#### What to produce
What you return must match the records below exactly, apart from the omitted pictures.

Dataset entries
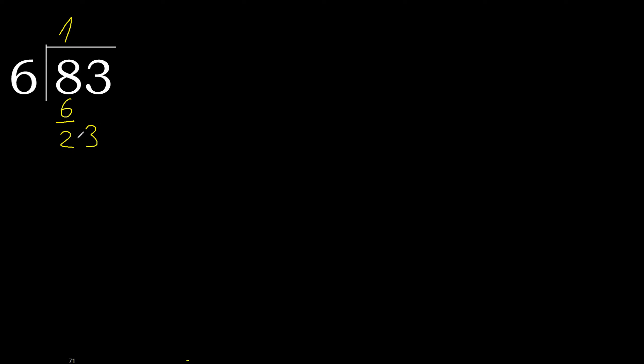23. 6 multiplied by 4 is 24 is greater. Multiplied by 3 is 18. Subtract is 5.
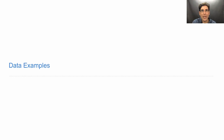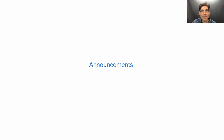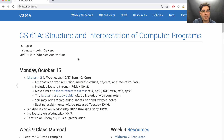61A lecture number 23 — Announcements. Midterm 2 is on Wednesday, in the evening at 8 p.m.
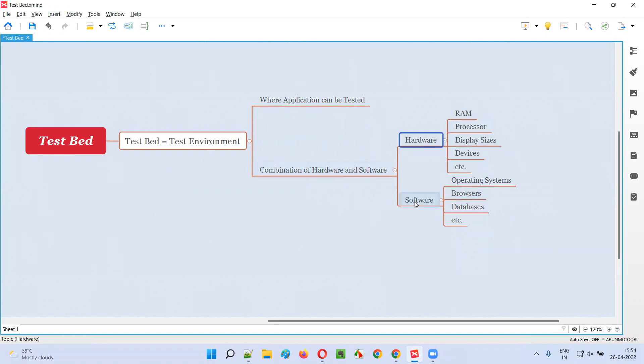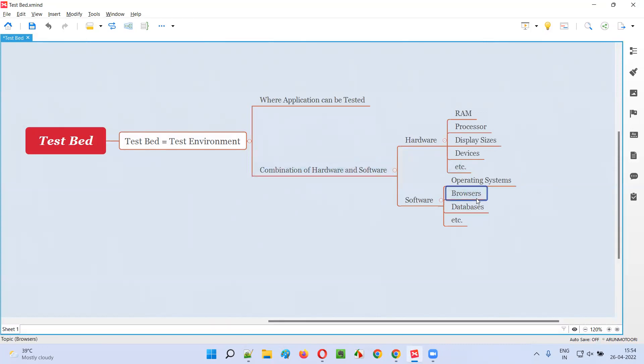Software also comprises the test environment - like which operating system the test environment has, or on which test environment having which operating system we are performing testing. Which browsers we are performing the testing on, which databases we are connecting and testing as part of the test environment.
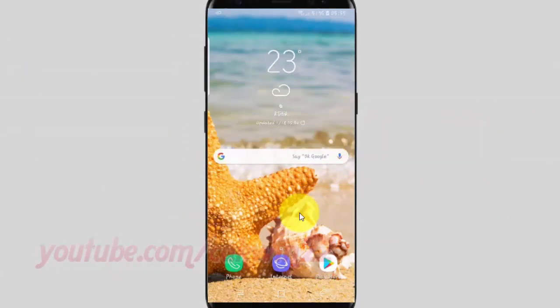To create a story on Gallery for Samsung Galaxy S9 or S9 Plus, open the Gallery app. From the home screen, swipe up or down from the center of the display to access the apps screen.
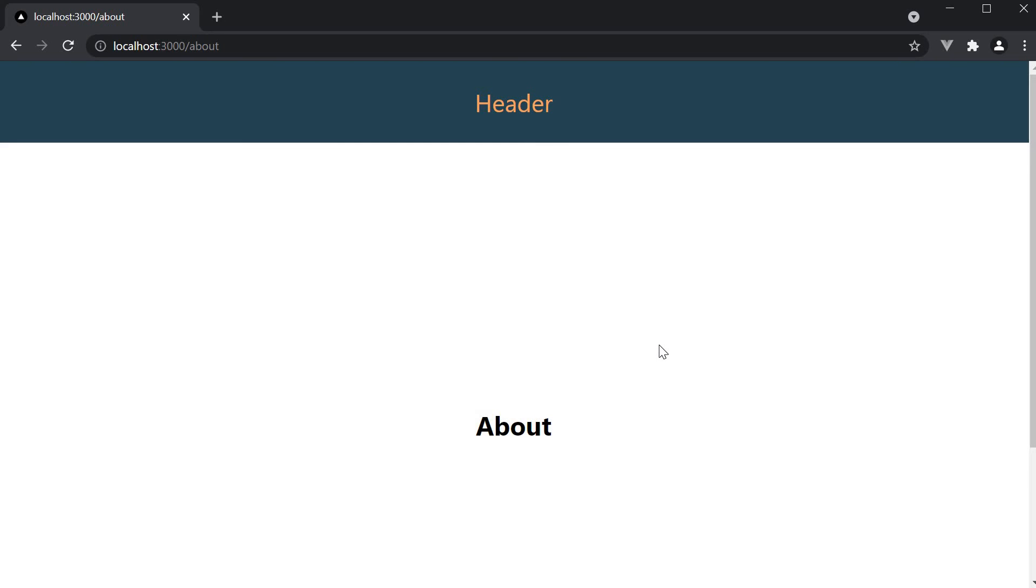So every page in the application will automatically have a layout. Of course, you might have a few exceptions. You might perhaps want the signup and login pages to not have this common layout. Maybe the header is not necessary. Let me show you how to add a per page layout.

#### Task output
23. 6 multiplied by 4 is 24 is greater. Multiplied by 3 is 18. Subtract is 5.
61A lecture number 23 — Announcements. Midterm 2 is on Wednesday, in the evening at 8 p.m.
Software also comprises the test environment - like which operating system the test environment has, or on which test environment having which operating system we are performing testing. Which browsers we are performing the testing on, which databases we are connecting and testing as part of the test environment.
To create a story on Gallery for Samsung Galaxy S9 or S9 Plus, open the Gallery app. From the home screen, swipe up or down from the center of the display to access the apps screen.
So every page in the application will automatically have a layout. Of course, you might have a few exceptions. You might perhaps want the signup and login pages to not have this common layout. Maybe the header is not necessary. Let me show you how to add a per page layout.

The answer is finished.